Le message-clé est le suivant : Xi est tout à fait capable de gérer la relation sino-US et c’est même lui qui donne le « la ». Qui aurait osé en douter ? La rumeur voudrait que certains anciens dirigeants du Parti se seraient risqués à réprimander Xi lors du dernier conclave de Beidaihe…

Quoi qu’il en soit, le Président chinois s’est montré nettement plus convaincant aux côtés de Biden que lors d’un dîner de gala (cf photo) rassemblant plusieurs dizaines de grands patrons américains (Tesla, Fedex, Boeing, Citigroup, Google, Apple, Pfizer…).

Dans son discours, Xi Jinping a fait l’éloge de l’amitié entre les peuples et a rappelé que la Chine est un pays au méga-marché d’1,4 milliard d’habitants dont la modernisation va profiter à tous. Des propos qui lui ont valu plusieurs « standing ovations » du public, qui semble n’avoir jamais cru une seule seconde au « découplage » économique un temps envisagé par le gouvernement américain.

Par contre, Xi n’a pas pipé mot sur la manière dont il compte revigorer l’économie chinoise ou inciter les entreprises étrangères à continuer d’investir. Car l’hémorragie a déjà commencé : au 3ème trimestre, la Chine vient d’enregistrer son tout premier déficit d’investissements directs étrangers (IDE).

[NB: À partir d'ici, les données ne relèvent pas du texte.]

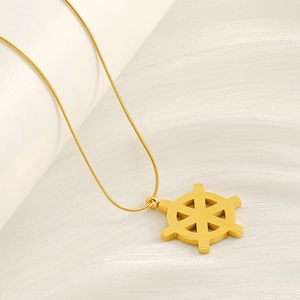 Gros plan d'un pendentif gouvernail doré sur un fond en tissu blanc texturé élégant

Comme pour tenter de se rattraper, Xi a promis le lendemain, lors du CEO Summit de l’APEC, de réduire la liste noire des investissements, d’améliorer les conditions d’entrée et de séjour des étrangers et de supprimer les « goulots d’étranglements » dans le secteur de la finance, de la santé…

Mais rien qui ne puisse modifier radicalement le sentiment des firmes américaines à l’égard de la Chine, inquiètes du renforcement des contrôles au nom de la sécurité nationale et du durcissement engendré par la loi anti-espionnage.